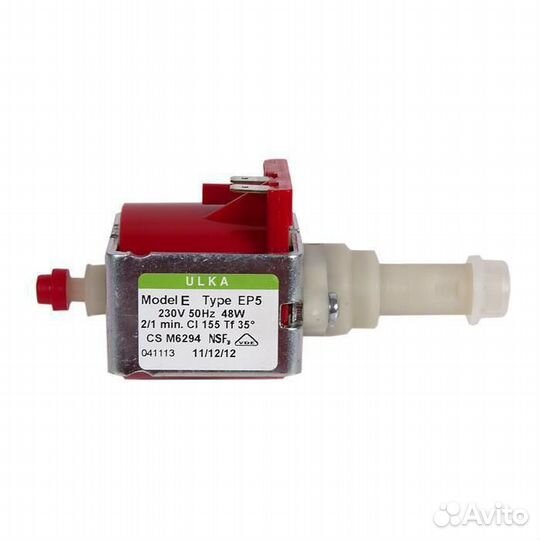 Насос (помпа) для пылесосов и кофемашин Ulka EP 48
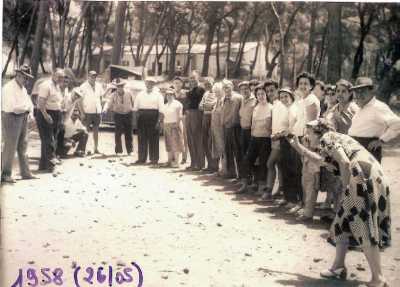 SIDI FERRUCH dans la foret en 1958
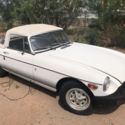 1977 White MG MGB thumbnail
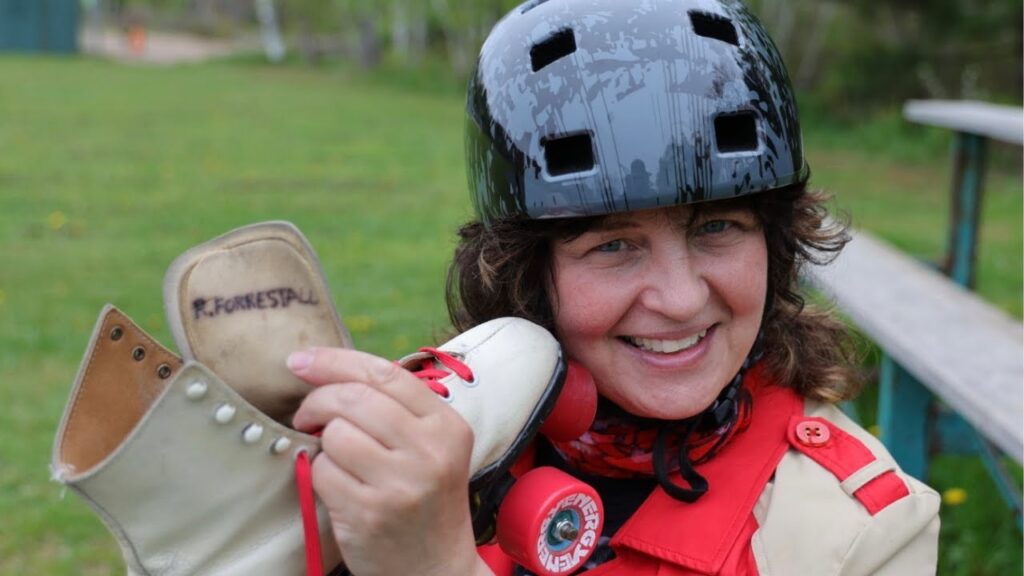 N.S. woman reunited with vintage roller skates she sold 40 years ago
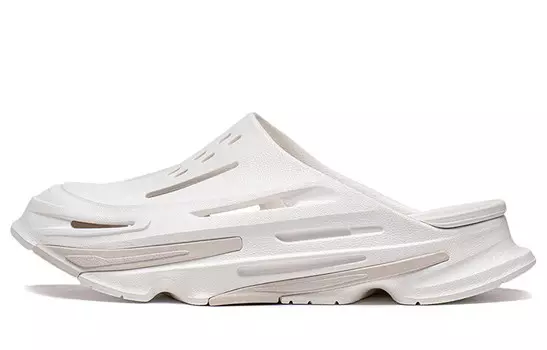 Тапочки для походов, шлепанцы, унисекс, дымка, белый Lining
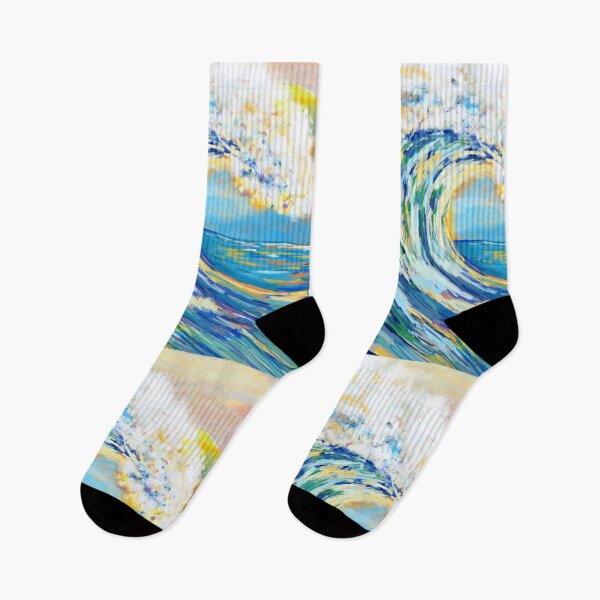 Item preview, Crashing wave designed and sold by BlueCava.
======
EXERCISE BRIEF: Starting with the line that holds "N.S. woman reunited", print each line through the last one of the data exactly as written, but do not include the pictures.

RESPONSE:
 N.S. woman reunited with vintage roller skates she sold 40 years ago
 Тапочки для походов, шлепанцы, унисекс, дымка, белый Lining
 Item preview, Crashing wave designed and sold by BlueCava.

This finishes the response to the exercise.